◆ Task prompt
Range to copy from the entries below: the line containing "5 rooms apartment" through the line containing "Photo #2378217 |", inclusive. Retype only those lines, exactly, without any images.

◆ Supplied entries
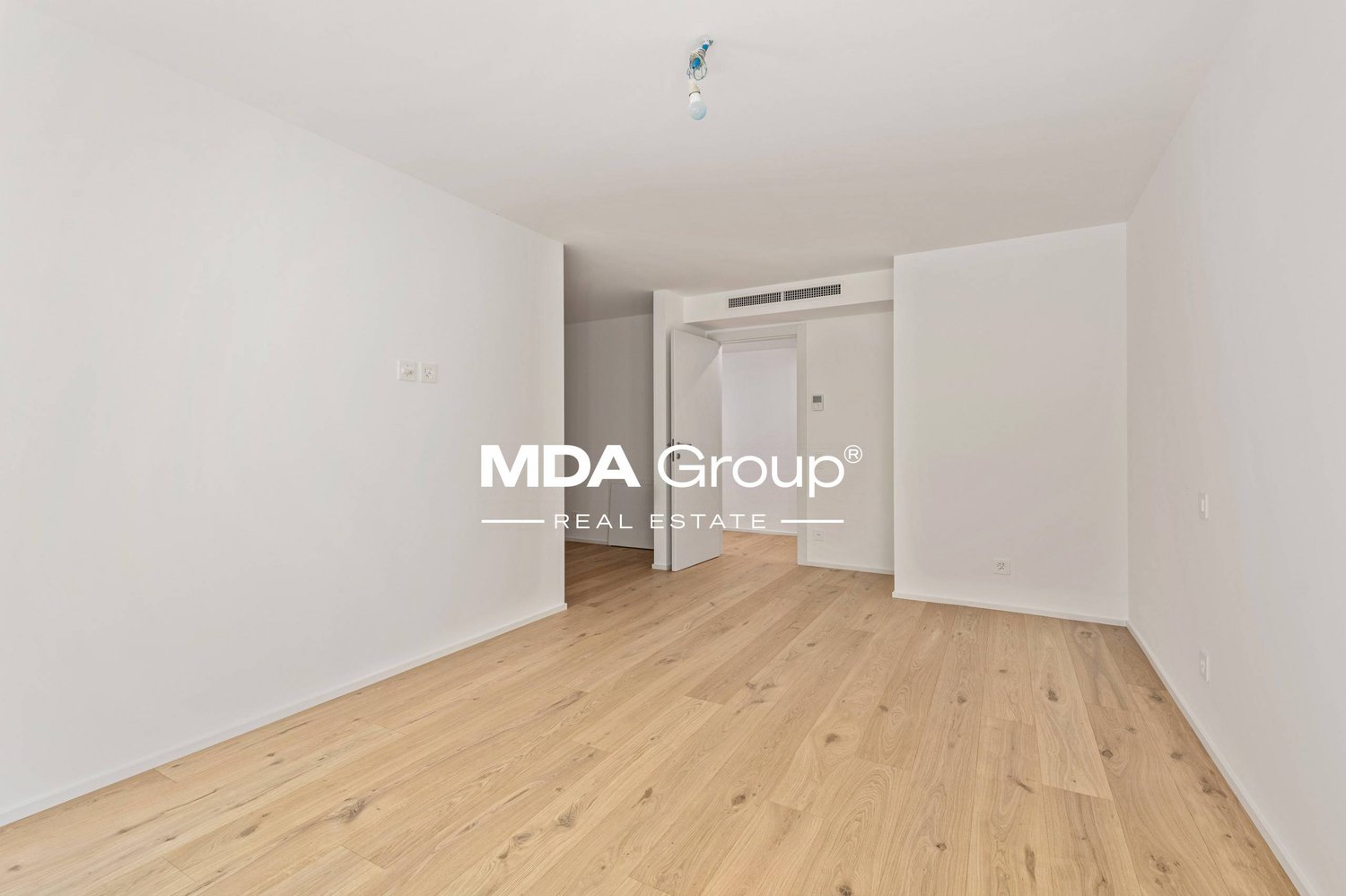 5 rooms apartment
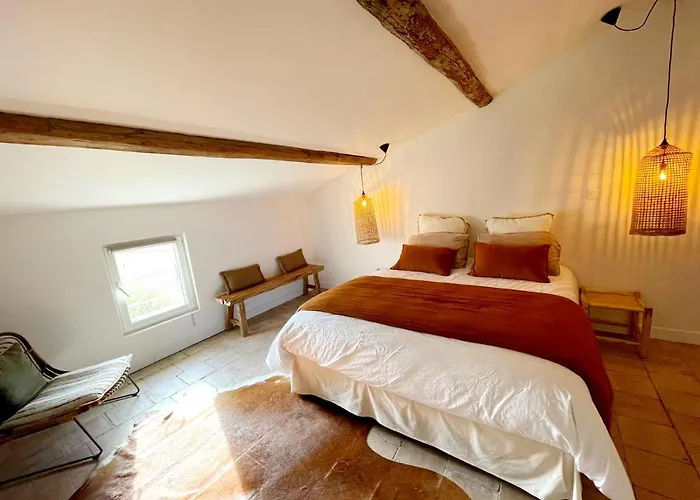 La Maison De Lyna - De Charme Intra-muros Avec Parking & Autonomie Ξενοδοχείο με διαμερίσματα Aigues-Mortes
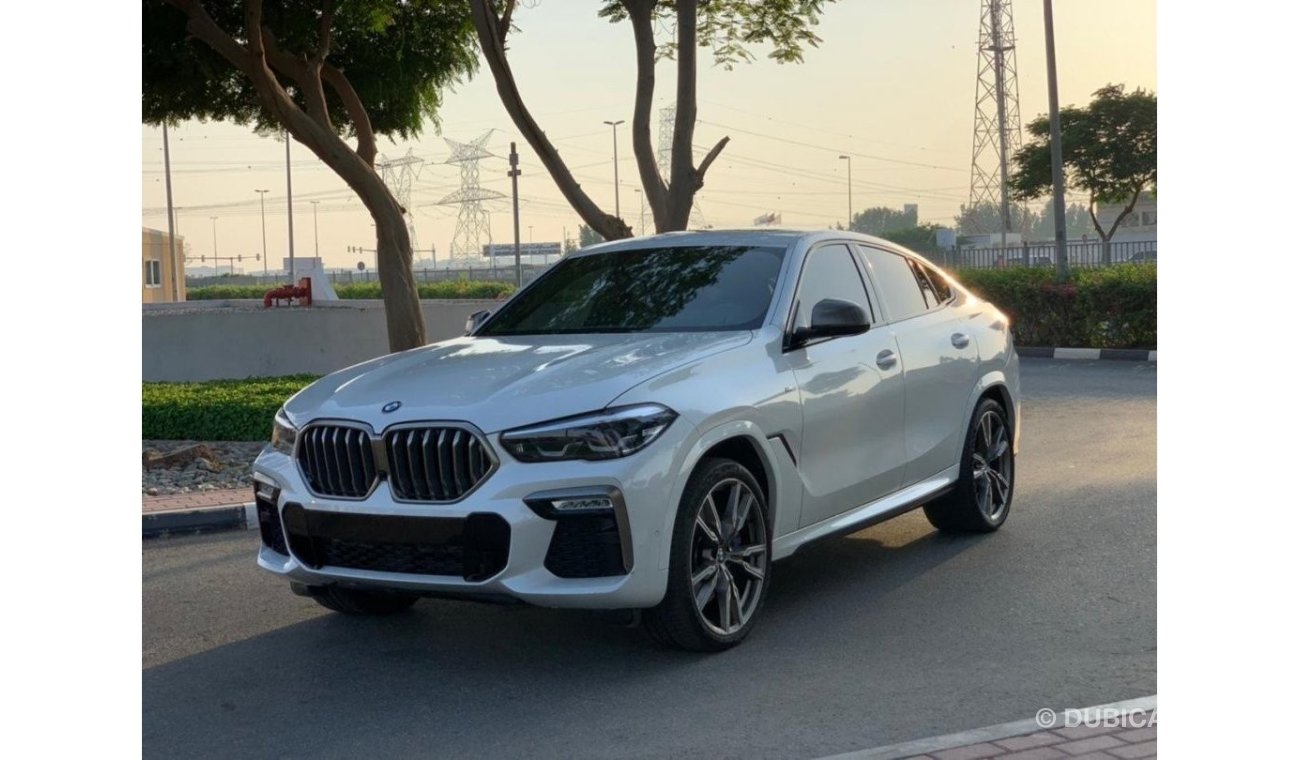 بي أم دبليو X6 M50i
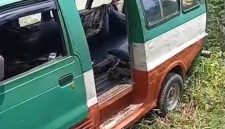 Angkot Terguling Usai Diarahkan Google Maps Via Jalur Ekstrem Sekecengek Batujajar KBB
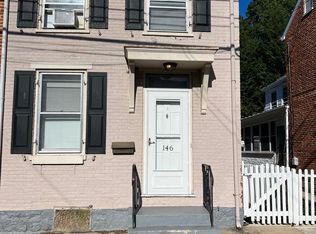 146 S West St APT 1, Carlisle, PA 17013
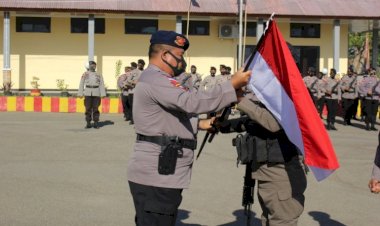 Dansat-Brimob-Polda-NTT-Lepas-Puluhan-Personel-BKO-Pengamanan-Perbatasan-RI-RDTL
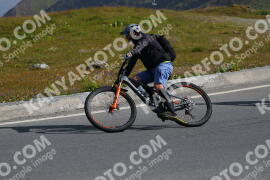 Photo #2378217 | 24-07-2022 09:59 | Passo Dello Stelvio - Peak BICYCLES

...

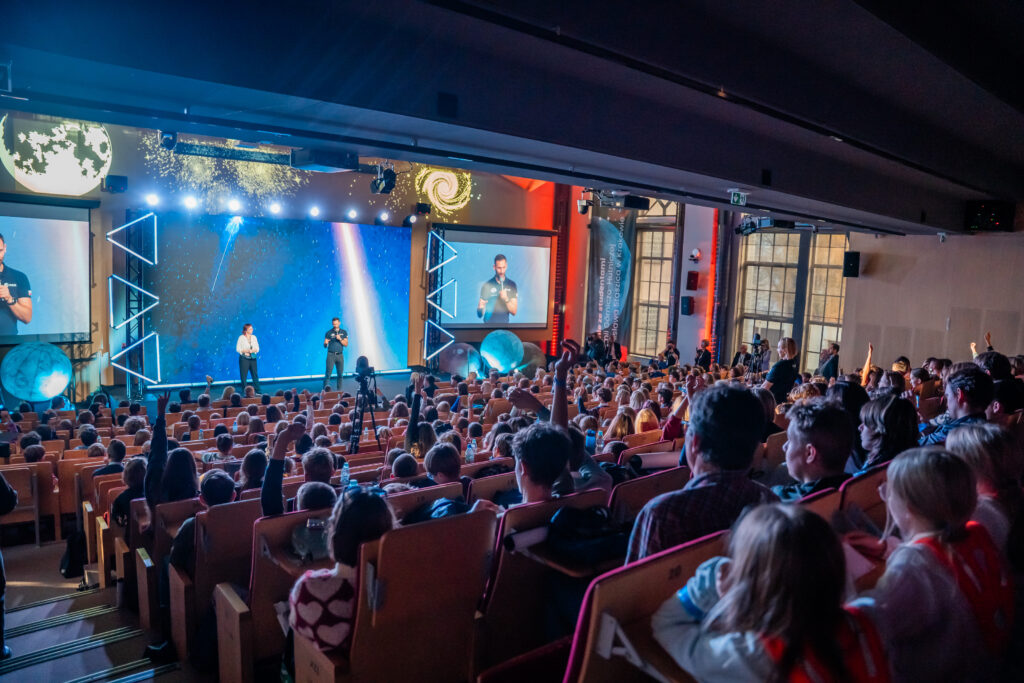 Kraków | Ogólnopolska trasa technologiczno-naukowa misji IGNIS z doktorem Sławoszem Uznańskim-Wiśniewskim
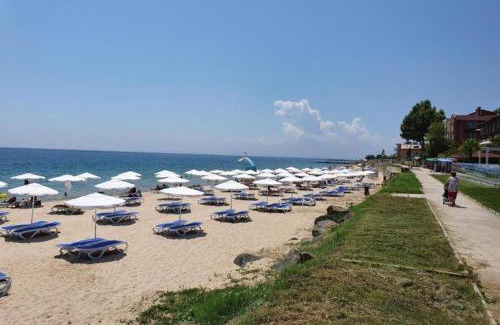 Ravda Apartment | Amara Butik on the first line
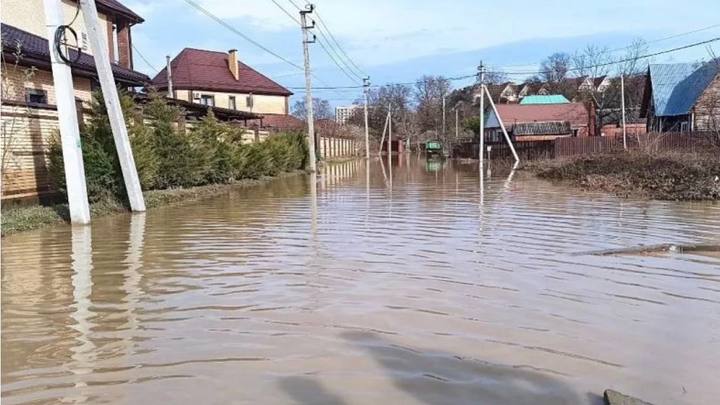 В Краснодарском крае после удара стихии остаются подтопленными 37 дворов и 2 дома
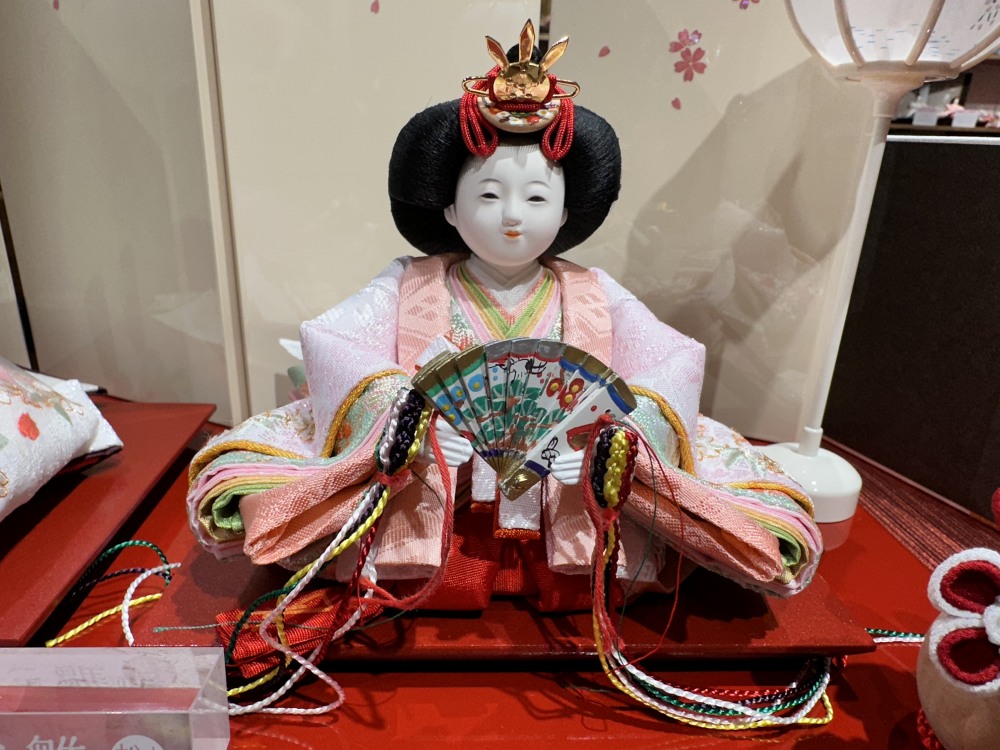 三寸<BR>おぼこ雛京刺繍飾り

==

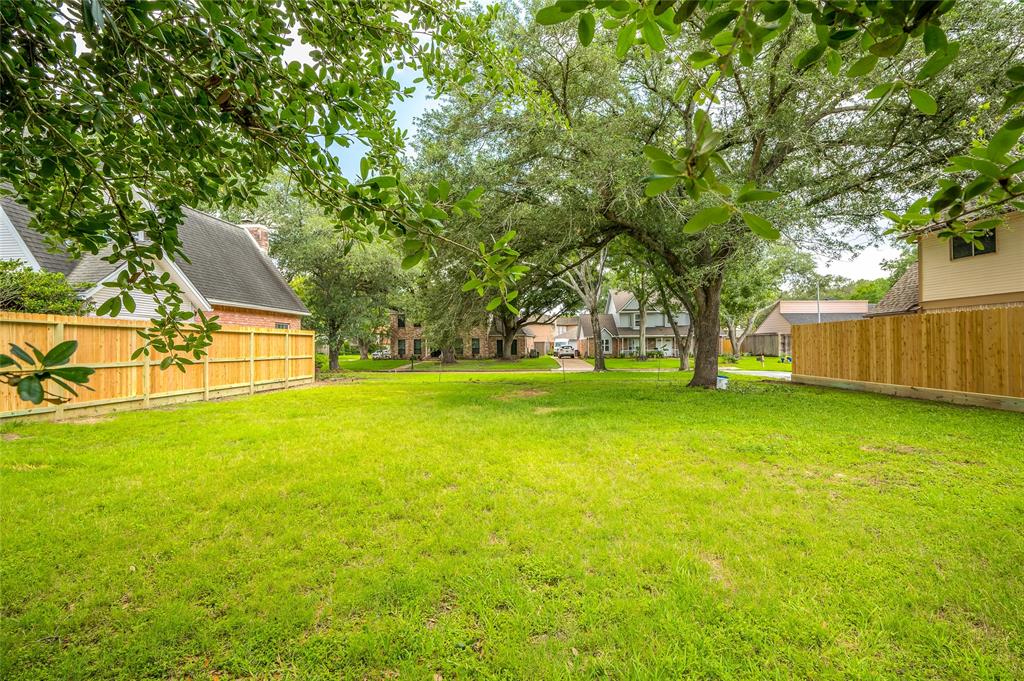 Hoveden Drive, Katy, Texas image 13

◆ Problem solution
 5 rooms apartment
 La Maison De Lyna - De Charme Intra-muros Avec Parking & Autonomie Ξενοδοχείο με διαμερίσματα Aigues-Mortes
 بي أم دبليو X6 M50i
 Angkot Terguling Usai Diarahkan Google Maps Via Jalur Ekstrem Sekecengek Batujajar KBB
 146 S West St APT 1, Carlisle, PA 17013
 Dansat-Brimob-Polda-NTT-Lepas-Puluhan-Personel-BKO-Pengamanan-Perbatasan-RI-RDTL
 Photo #2378217 | 24-07-2022 09:59 | Passo Dello Stelvio - Peak BICYCLES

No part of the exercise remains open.